Bluestone also took an academic role in field, publishing the New York Attorney Malpractice Report from 2002-2004.  He started the “New York Attorney Malpractice Blog” in 2004, where he has published more than 4500 entries.

Mr. Bluestone has written 38 scholarly peer-reviewed articles concerning legal malpractice, many in the Outside Counsel column of the New York Law Journal. He has appeared as an Expert witness in multiple legal malpractice litigations.

Mr. Bluestone is an adjunct professor of law at St. John’s University College of Law, teaching Legal Malpractice.  Mr. Bluestone has argued legal malpractice cases in the Second Circuit, in the New York State Court of Appeals, each of the four New York Appellate Divisions, in all four of  the U.S. District Courts of New York and in Supreme Courts all over the state.  He has also been admitted pro haec vice in the states of Connecticut, New Jersey and Florida and was formally admitted to the US District Court of Connecticut and to its Bankruptcy Court all for legal malpractice matters. He has been retained by U.S. Trustees in legal malpractice cases from Bankruptcy Courts, and has represented municipalities, insurance companies, hedge funds, communications companies and international manufacturing firms. Mr. Bluestone regularly lectures in CLEs on legal malpractice.

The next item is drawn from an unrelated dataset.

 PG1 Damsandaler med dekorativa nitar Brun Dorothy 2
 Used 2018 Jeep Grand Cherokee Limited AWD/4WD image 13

Based upon his professional experience Bluestone was named a Diplomate and was Board Certified by the American Board of Professional Liability Attorneys in 2008 in Legal Malpractice. He remains Board Certified.  He was admitted to The Best Lawyers in America from 2012-2019.  He has been featured in Who’s Who in Law since 1993.

In the last years, Mr. Bluestone has been featured for two particularly noteworthy legal malpractice cases.  The first was a settlement of an $11.9 million dollar default legal malpractice case of Yeo v. Kasowitz, Benson, Torres & Friedman which was reported in the NYLJ on August 15, 2016. Most recently, Mr. Bluestone obtained a rare plaintiff’s verdict in a legal malpractice case on behalf of the City of White Plains v. Joseph Maria, reported in the NYLJ on February 14, 2017. It was the sole legal malpractice jury verdict in the State of New York for 2017.

Bluestone has been at the forefront of the development of legal malpractice principles and has contributed case law decisions, writing and lecturing which have been recognized by his peers.  He is regularly mentioned in academic writing, and his past cases are often cited in current legal malpractice decisions. He is recognized for his ample writings on Judiciary Law § 487, a 850 year old statute deriving from England which relates to attorney deceit.